*WORK REQUEST*. Copy exactly, and copy nothing else: the line that contains "Pensiunea Clasic Hunedoara" and all lines after it in the listing, without pictures.

*DATA SHOWN*.
■ ■ ■ ■

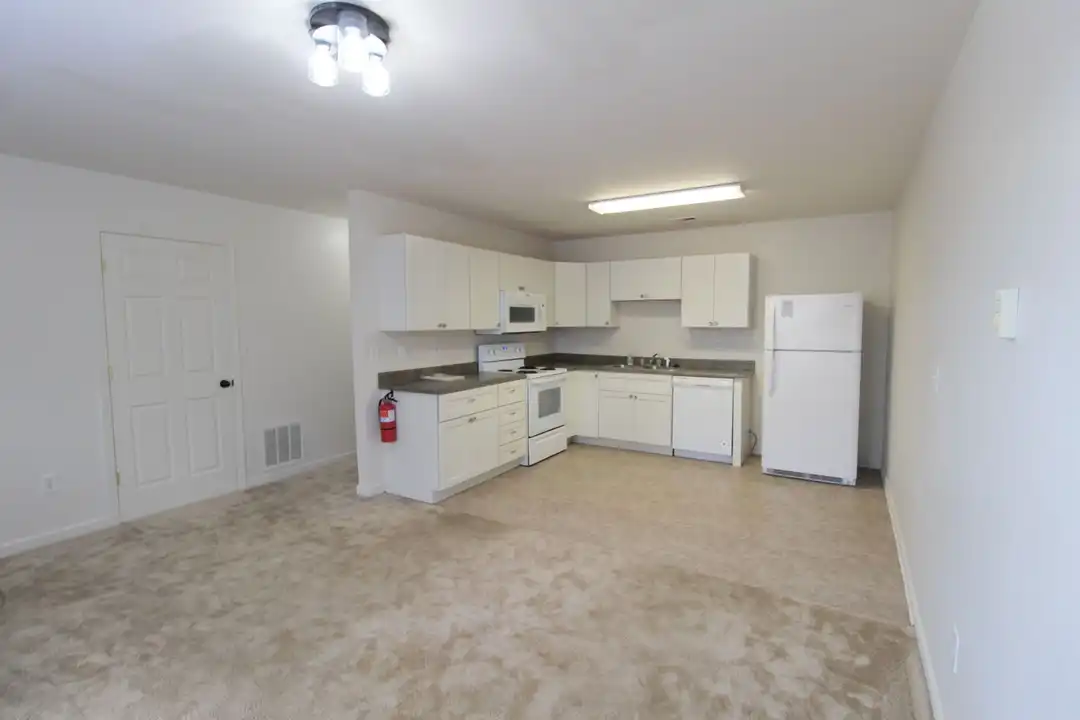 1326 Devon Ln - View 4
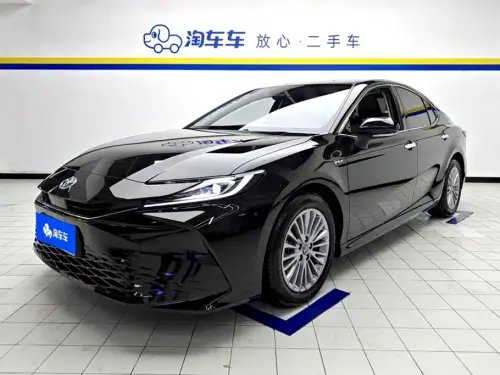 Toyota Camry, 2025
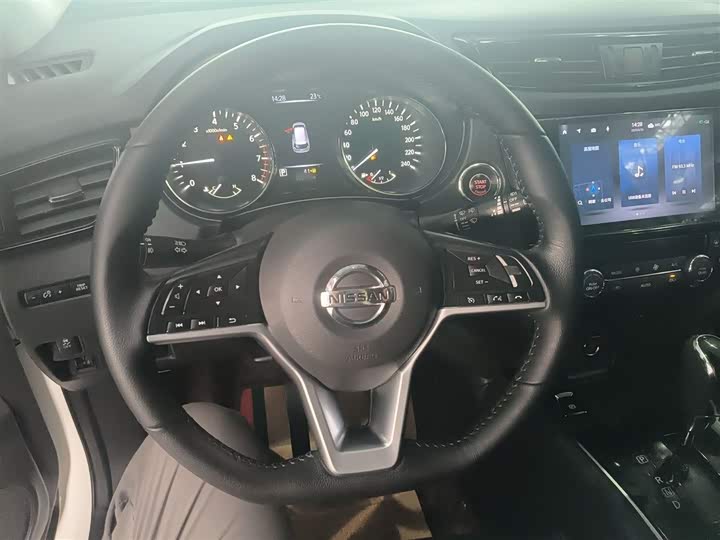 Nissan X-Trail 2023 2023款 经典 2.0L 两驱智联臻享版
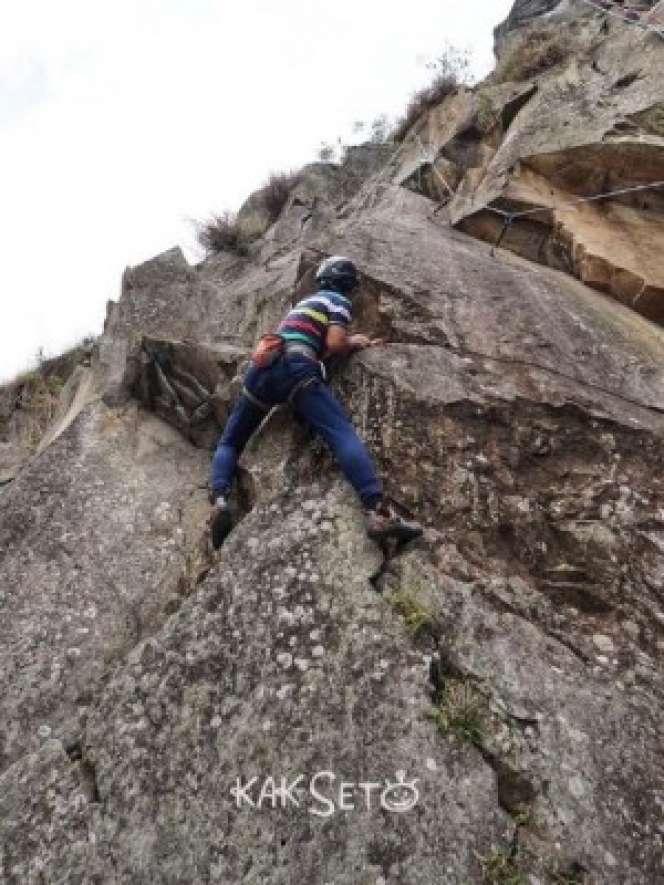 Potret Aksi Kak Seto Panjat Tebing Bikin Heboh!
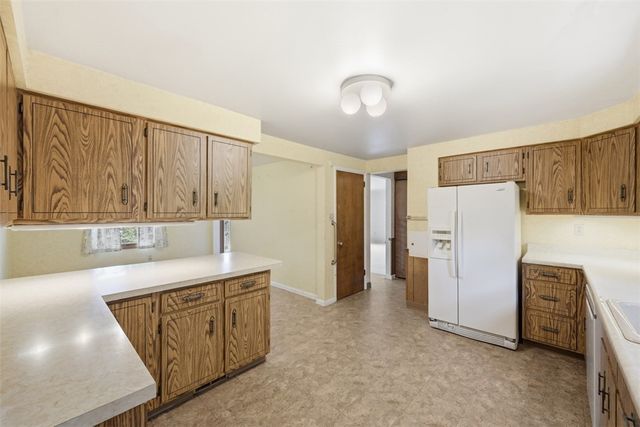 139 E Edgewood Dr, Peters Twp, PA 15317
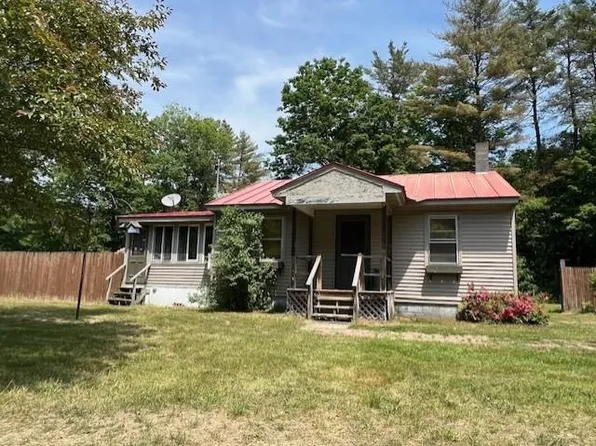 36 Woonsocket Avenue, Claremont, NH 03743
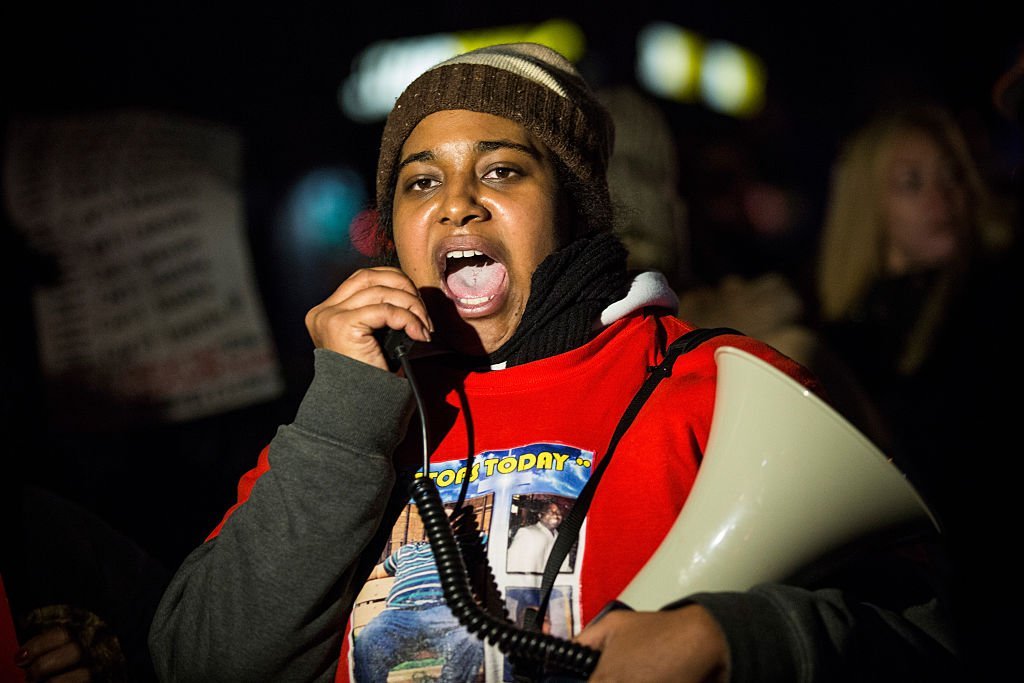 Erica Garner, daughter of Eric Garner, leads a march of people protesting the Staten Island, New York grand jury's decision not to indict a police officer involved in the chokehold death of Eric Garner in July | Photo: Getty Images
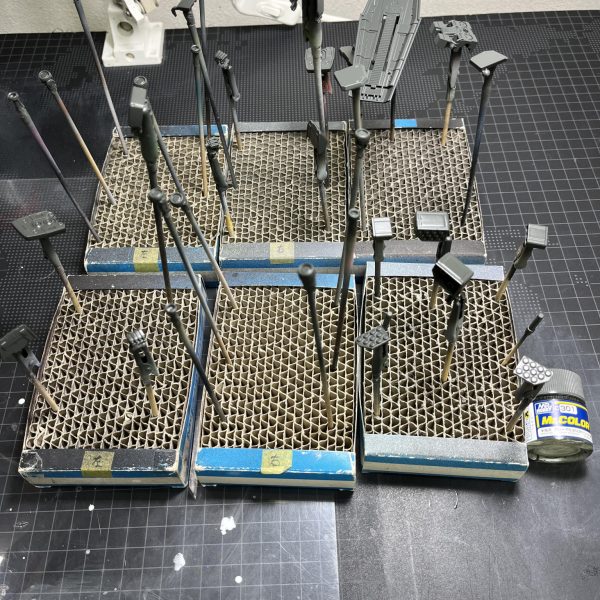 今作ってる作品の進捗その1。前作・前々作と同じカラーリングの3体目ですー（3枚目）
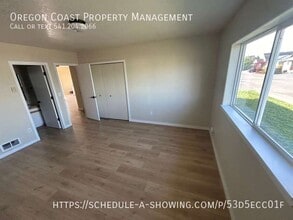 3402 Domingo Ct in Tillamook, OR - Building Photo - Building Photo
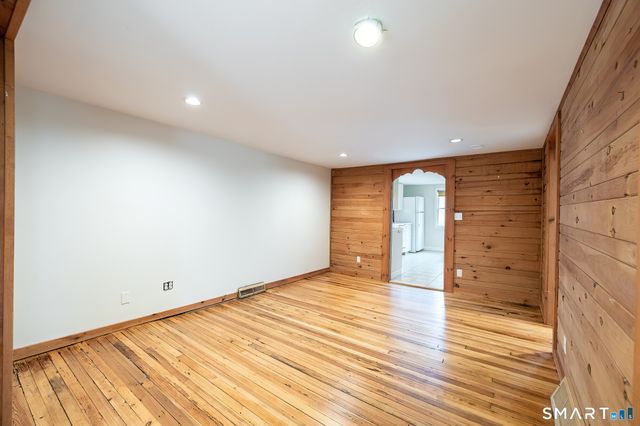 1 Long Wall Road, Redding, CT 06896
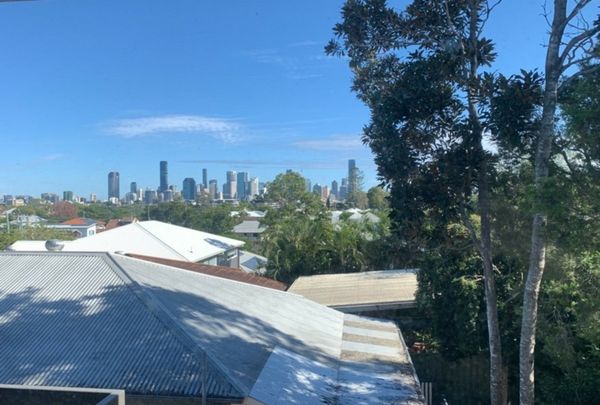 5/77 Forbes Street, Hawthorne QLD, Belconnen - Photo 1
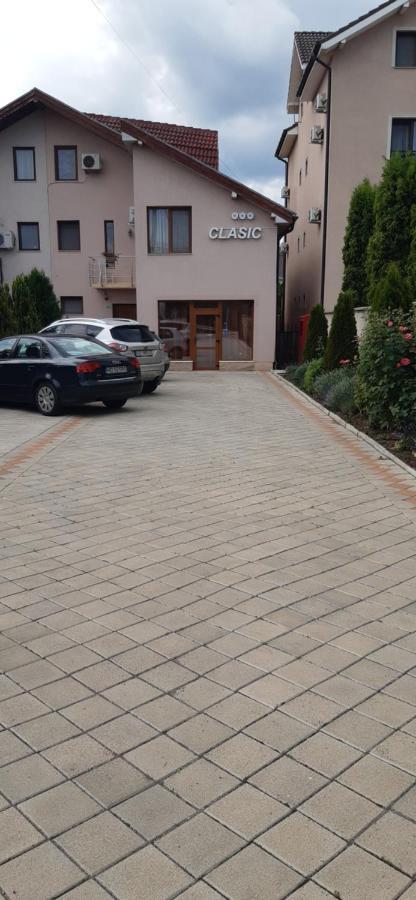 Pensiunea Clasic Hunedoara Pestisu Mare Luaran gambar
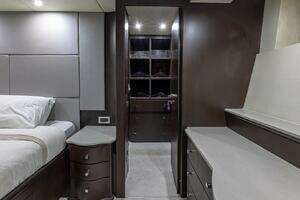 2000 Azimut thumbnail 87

■ ■ ■ ■

*RESULT BELOW*.
 Pensiunea Clasic Hunedoara Pestisu Mare Luaran gambar
 2000 Azimut thumbnail 87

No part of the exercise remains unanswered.